HOW TO COMPLETE THIS TASK:
Below are records with pictures. Reproduce exactly the lines from the line with "before and after image" to the line with "Porcelain Veneers New", inclusive, and leave each picture out.

DATA EXTRACT:
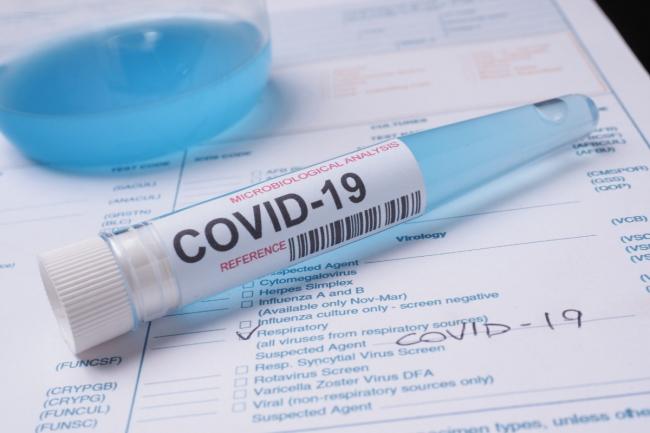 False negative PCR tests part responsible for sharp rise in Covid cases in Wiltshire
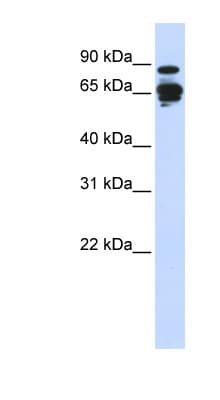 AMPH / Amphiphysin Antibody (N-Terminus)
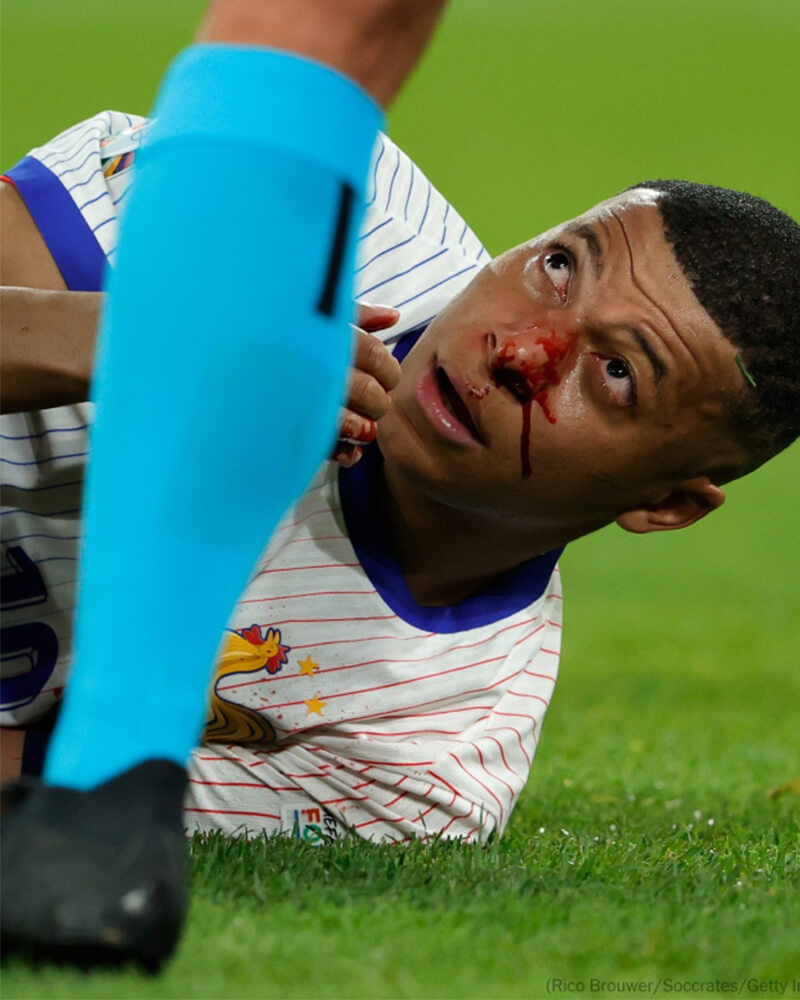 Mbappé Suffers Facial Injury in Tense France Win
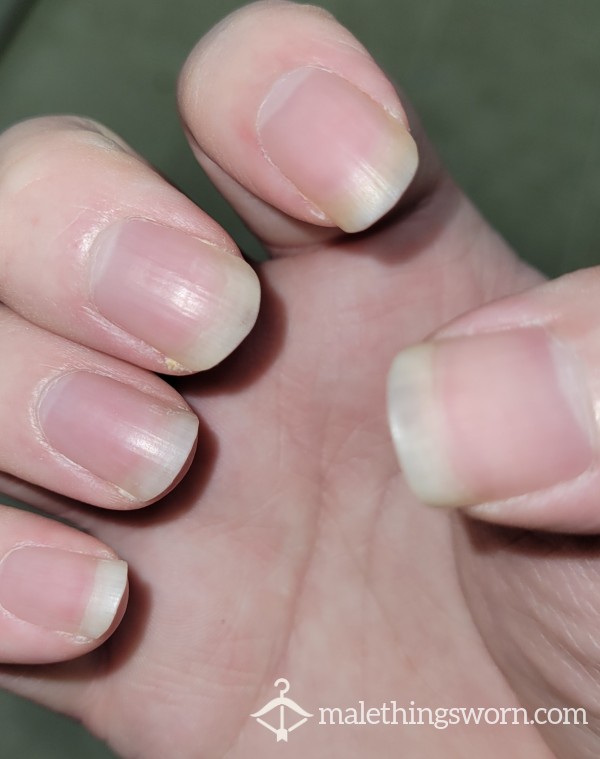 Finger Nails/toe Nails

---

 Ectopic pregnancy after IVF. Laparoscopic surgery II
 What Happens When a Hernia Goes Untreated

* * *

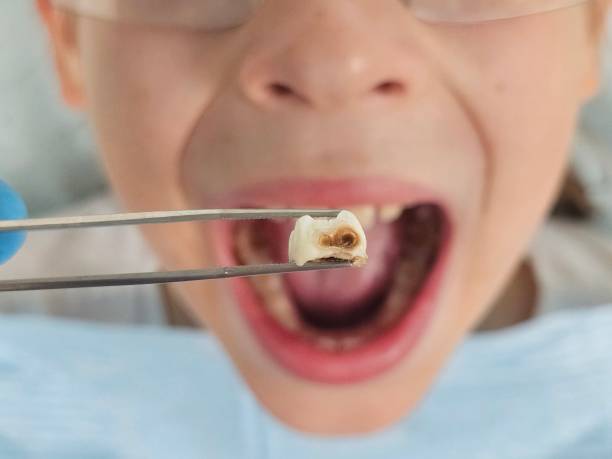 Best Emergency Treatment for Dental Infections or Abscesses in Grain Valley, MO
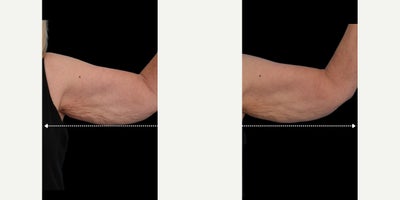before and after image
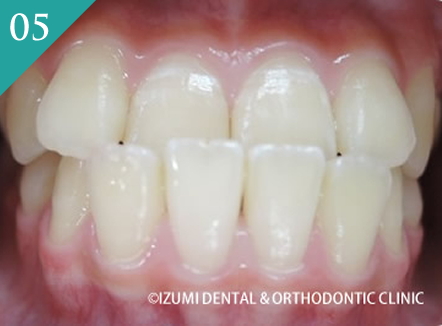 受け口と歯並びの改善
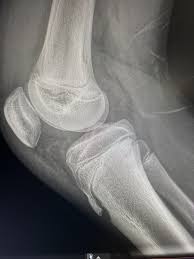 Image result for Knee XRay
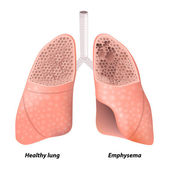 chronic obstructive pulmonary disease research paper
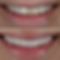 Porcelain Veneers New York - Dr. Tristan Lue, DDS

EXPECTED ANSWER:
before and after image
 受け口と歯並びの改善
 Image result for Knee XRay
 chronic obstructive pulmonary disease research paper
 Porcelain Veneers New York - Dr. Tristan Lue, DDS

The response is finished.